Bytes in Python 3 don't support string operators.

link

ubernostrum 3213 days ago

Bytes in Python 3 don't support string operators.

Slight nitpick: `bytes` objects in Python 3 do not share all of the operations and methods available on `str`, but do share quite a few. Notably, `bytes` will never implement format(), but it does implement printf()-style formatting via the modulo operator.

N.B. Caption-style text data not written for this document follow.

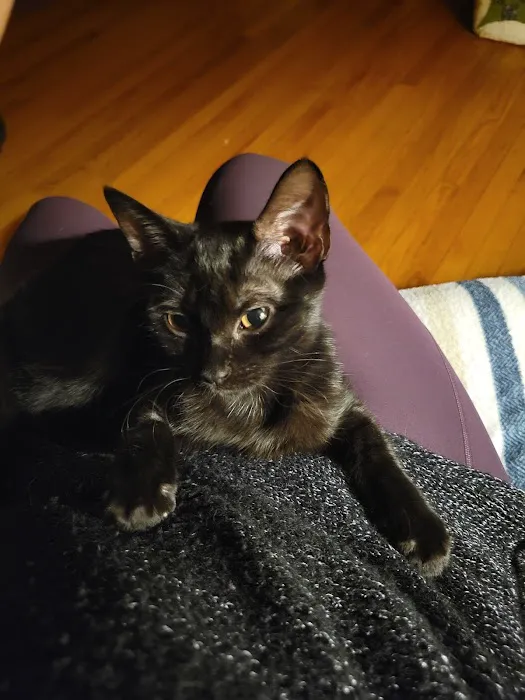 Glen Manor Veterinary Hospital Picture 8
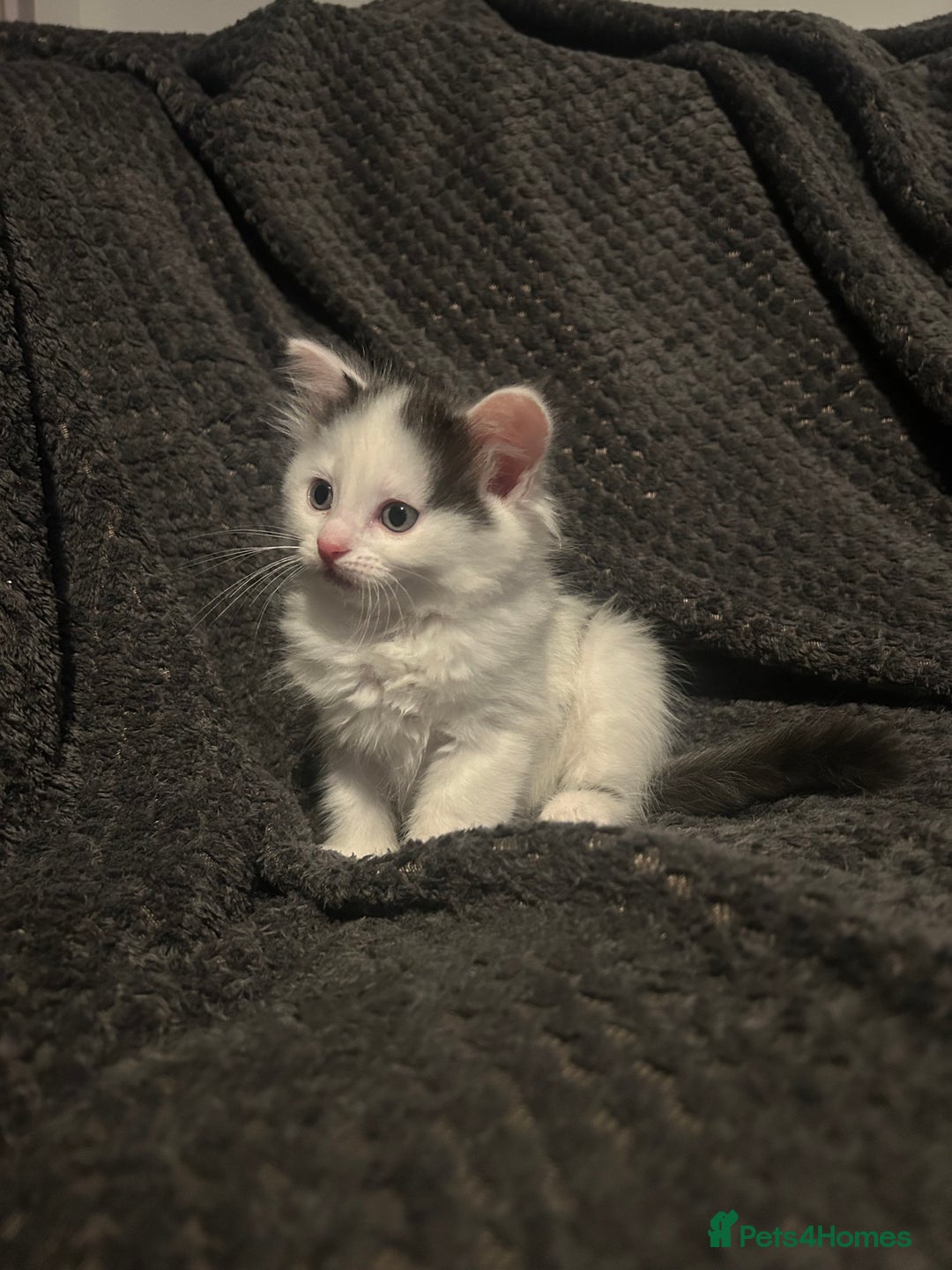 Ragdoll cats for sale: Half Ragdoll Kittens  - Image 10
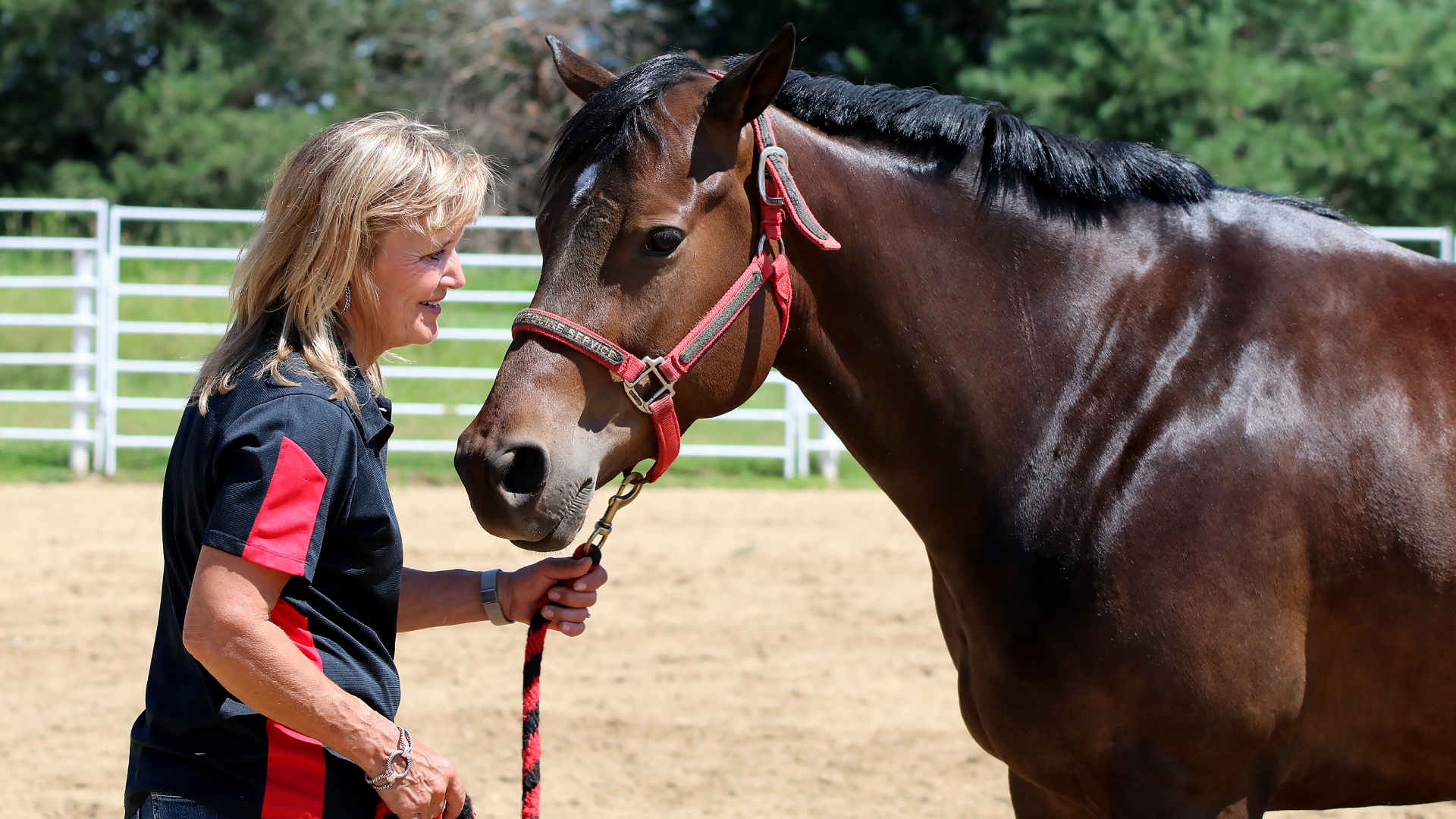 horse being led by a trainer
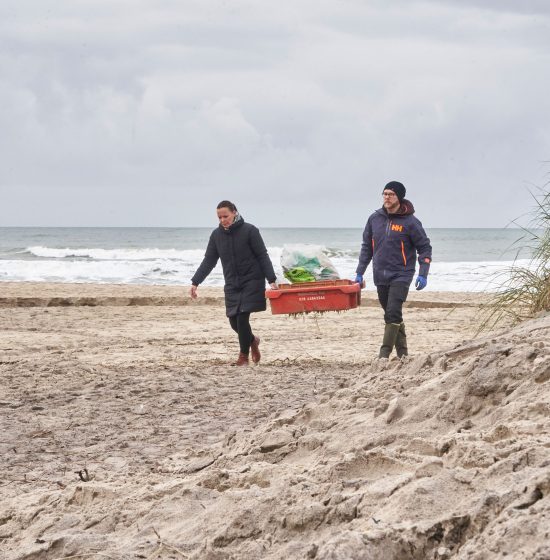 Two people walk on beach with fish box and other waste they have swollen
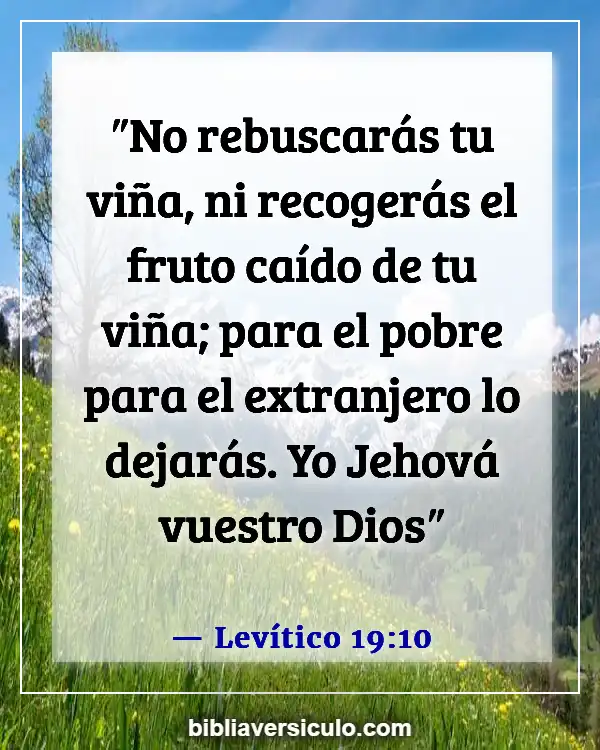 Versículos de la Biblia Sobre Barba (Levítico 19:10)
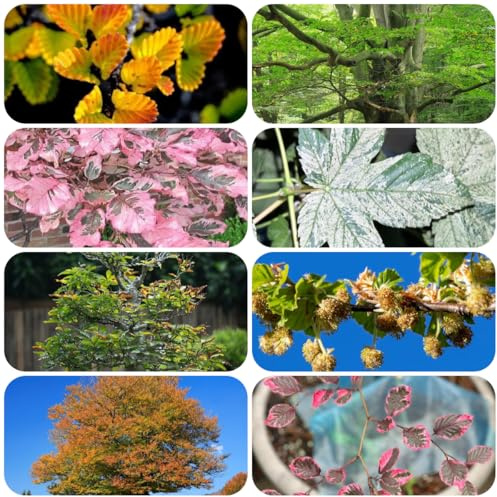 rotbuche, immergrüne winterhart rotbuchenhecke für sonnige plätze gartenarbeit geschenk 300samen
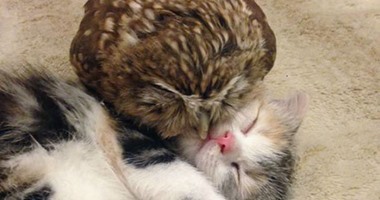 بالصور.. علاقة صداقة نادرة بين قطة وبومة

The `bytes` and `bytearray` types implement the following methods which also exist on `str` (in some cases, with the caveat that the operation only makes sense if the bytes in question are in the ASCII range):

capitalize(), center(), count(), endswith(), expandtabs(), find(), index(), isalnum(), isalpha(), isdigit(), islower(), isspace(), istitle(), isupper(), join(), ljust(), lower(), lstrip(), maketrans(), partition(), replace(), rfind(), rindex(), rjust(), rpartition(), rsplit(), rstrip(), split(), splitlines(), startswith(), strip(), swapcase(), title(), translate(), upper(), zfill()

link

Avernar 3213 days ago

I didn't realize the modulo operator for bytes was added. most information I've run across said it didn't work.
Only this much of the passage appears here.